Kazimierz G., nazywany "królem żelatyny", stanie
przed sądem za kradzież pary technologicznej. Grozi mu kara do 5
lat pozbawienia wolności.

Akt oskarżenia w tej sprawie został skierowany do Sądu Rejonowego w Zgierzu - poinformował rzecznik łódzkiej Prokuratury Okręgowej Krzysztof Kopania.

Prokuratura ustaliła, że w okresie od czerwca 2004 r. do stycznia 2005 r. należąca do niego firma z siedzibą w Zgierzu, produkująca żelatynę, nieprawnie pobrała parę technologiczną o łącznej wartości blisko 800 tysięcy złotych na szkodę firmy Energetyka Boruta.

56-letni Kazimierz G. nie przyznał się do winy i odmówił składania wyjaśnień.

Według prokuratury, para technologiczna była dostarczana do firmy G. na podstawie wcześniej zawartych umów. Z uwagi na brak regulowania należności przez spółkę, której prezesem był G., dyrekcja Energetyki Boruty postanowiła wstrzymać dostarczanie pary. 12 maja 2004 r. pracownicy Energetyki Boruty zakręcili zawory i założyli łańcuch oraz kłódkę - powiedział Kopania.

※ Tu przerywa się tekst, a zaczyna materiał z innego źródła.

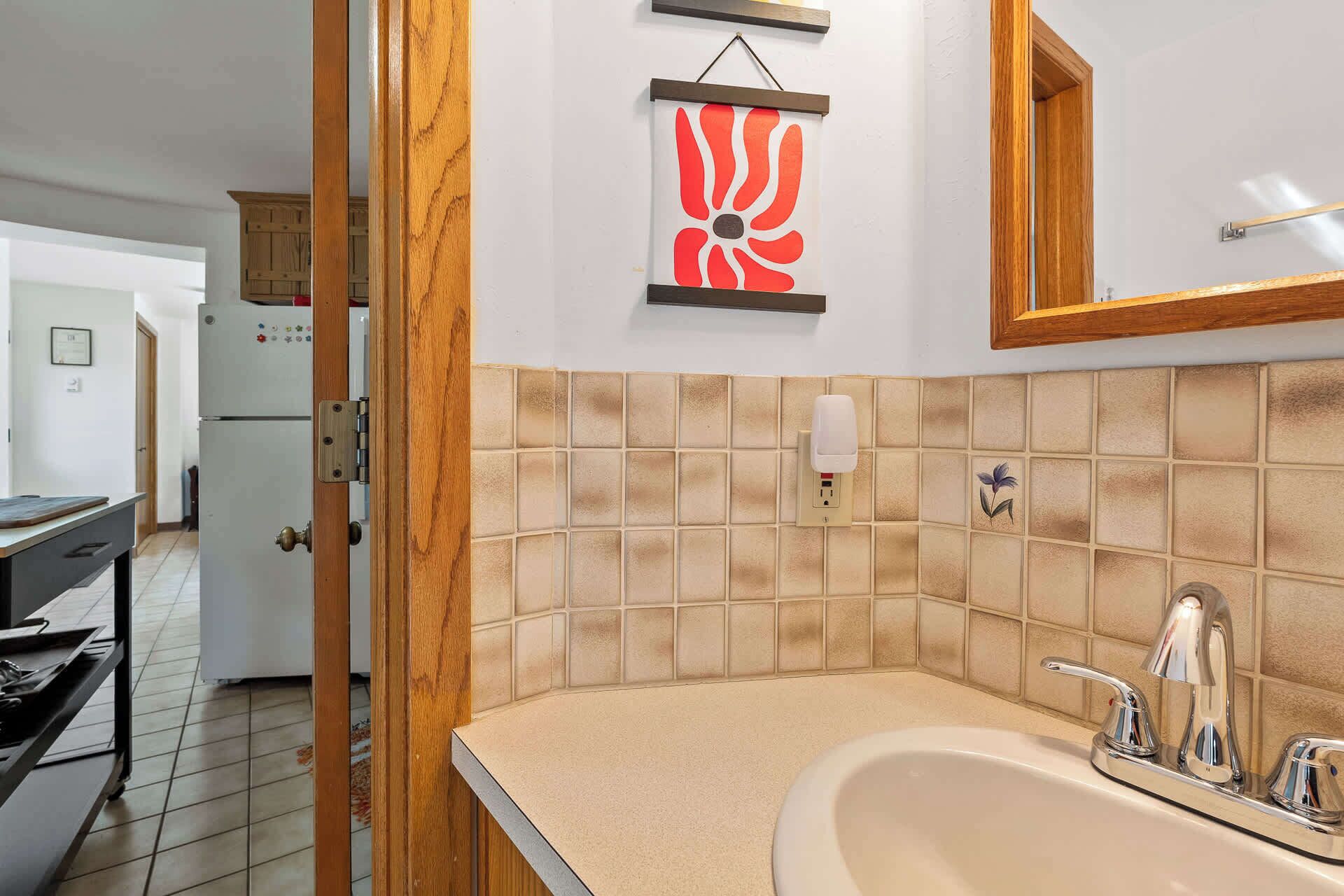 Une salle de bain avec un mur recouvert de carreaux beiges, un lavabo avec un robinet chromé, un distributeur de savon liquide et un miroir encadré en bois.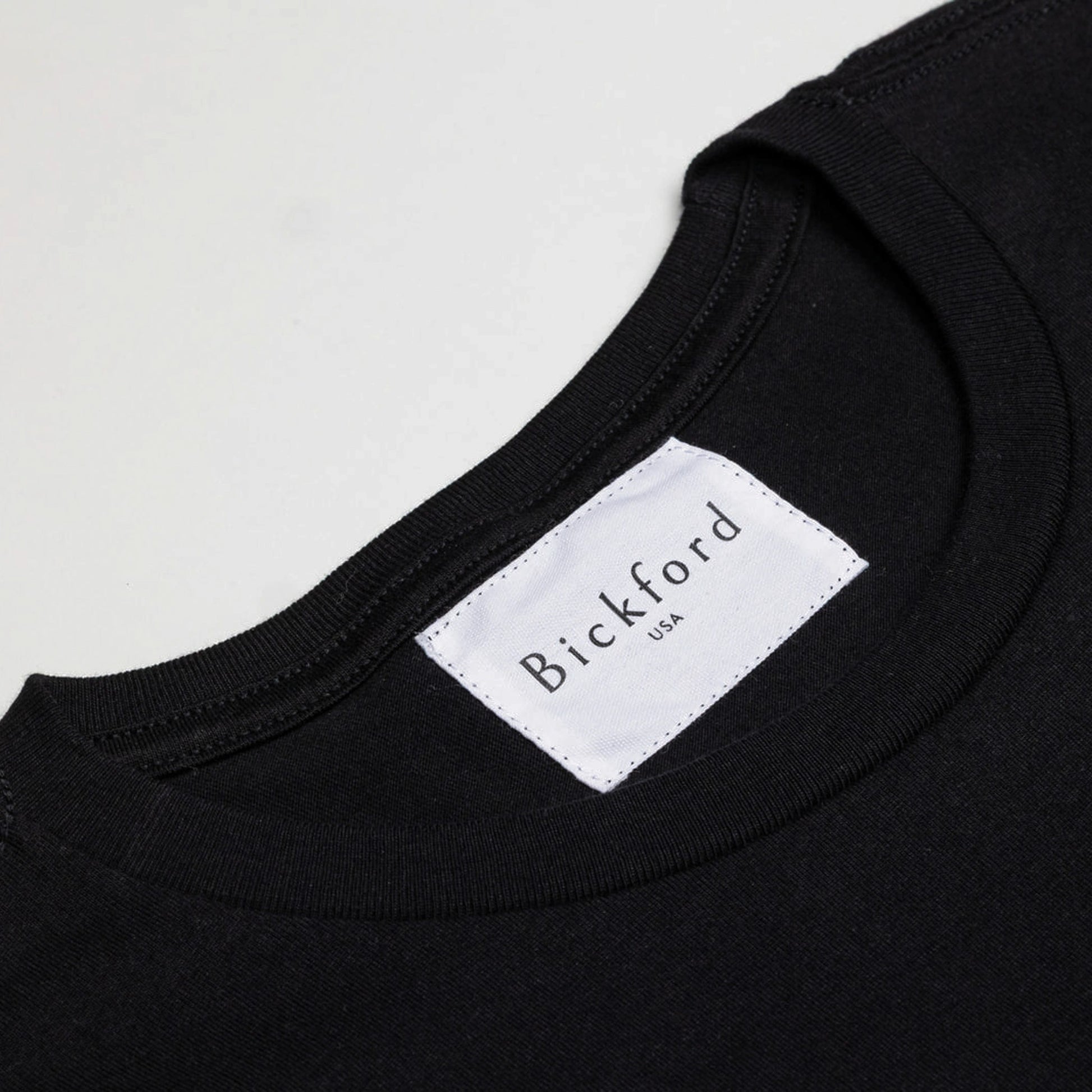 Close-up of Bickford USA woven neck label on Black Everyday Tee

Po kilku tygodniach funkcjonariusze policji i pracownicy poszkodowanej firmy ujawnili, że zawory doprowadzające parę do zakładu Kazimierza G. zostały otwarte. Mamy to też potwierdzone w zeznaniach świadków - wyjaśnił Kopania.

Wojewódzki Fundusz Ochrony Środowiska i Gospodarki Wodnej w Łodzi, któremu firmy kontrolowane przez rodzinę G. są winne ponad 13 mln złotych, skierował już do sądu dwa pozwy. Dotyczą one nakazu zapłaty przeciwko Annie i Halinie G. - córce i żonie Kazimierza G. - oraz trzem spółkom, kontrolowanym przez rodzinę G. Firmy te nie spłacały pożyczek.

Kazimierz G. jest też oskarżony przed toruńskim sądem okręgowym o nadużycia podczas prywatyzacji fabryki żelatyny w Brodnicy (woj. kujawsko-pomorskie) i narażenie Skarbu Państwa na stratę 4,5 mln zł.